Sally Monroe is an elder at First Presbyterian Church of Hazard, Ky. With her husband Lawrence, she spoke with Sojourners’ Mitchell Atencio.

OUR HOUSE IS completely gutted. All the Sheetrock is gone, the flooring’s gone. It’s just a shell. The water came very quickly. Our neighbor who had a house on River Caney got about two and a half feet of water in his house, but it came very rapidly, and their house was washed away. Our situation is different. We live in the valley a half-mile from the river. We had no idea how high the water could get. We didn’t get the current, and the water came up rapidly … some pictures from this flood where buildings were just washed off their foundations — it’s horrible to see those homes like that.

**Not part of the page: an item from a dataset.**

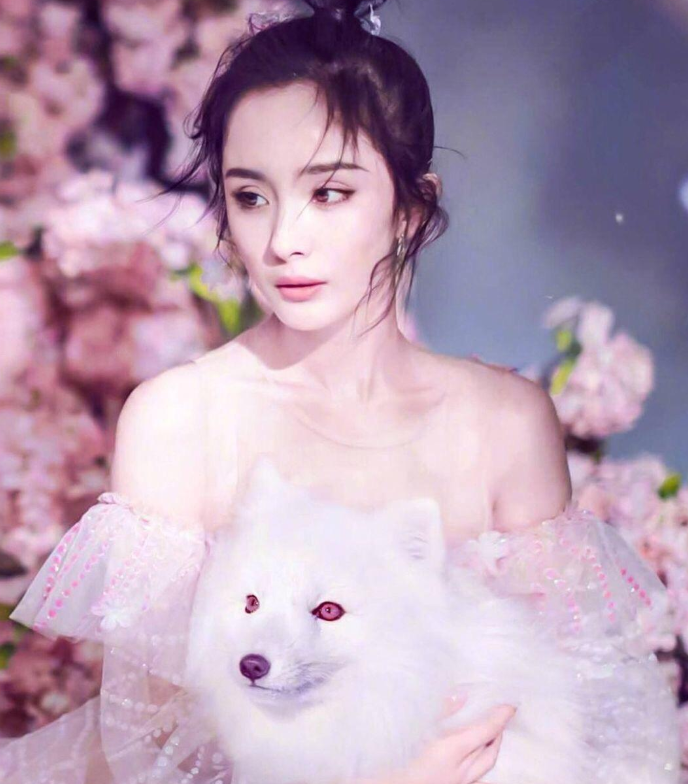杨幂|杨幂发布最新代言造型土气，被嘲“脸垮”硬凹少女感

We saw businesses destroyed. They were built on the creek banks, but there’s no other place to build. And we’ve seen the strip mines too. We know the people at River Caney are suing a coal company because of the silt dams. We try to preserve the environment because the more trees you have in the hills, the more water’s going to be retained up there. I don’t know whether that would’ve made a difference with this flood. This just happened to hit us [this time], but it’s also happening down in Mississippi, in Pakistan. You just cry for people because they have no place to go.

It doesn’t take very long for the water to come up, but it takes a long time to clean up. After a flood, you have flood mud everywhere — in every crack and every crevice possible. When we went to church and they asked what to pray for, it was to pray for perseverance because it’s going to take a long time.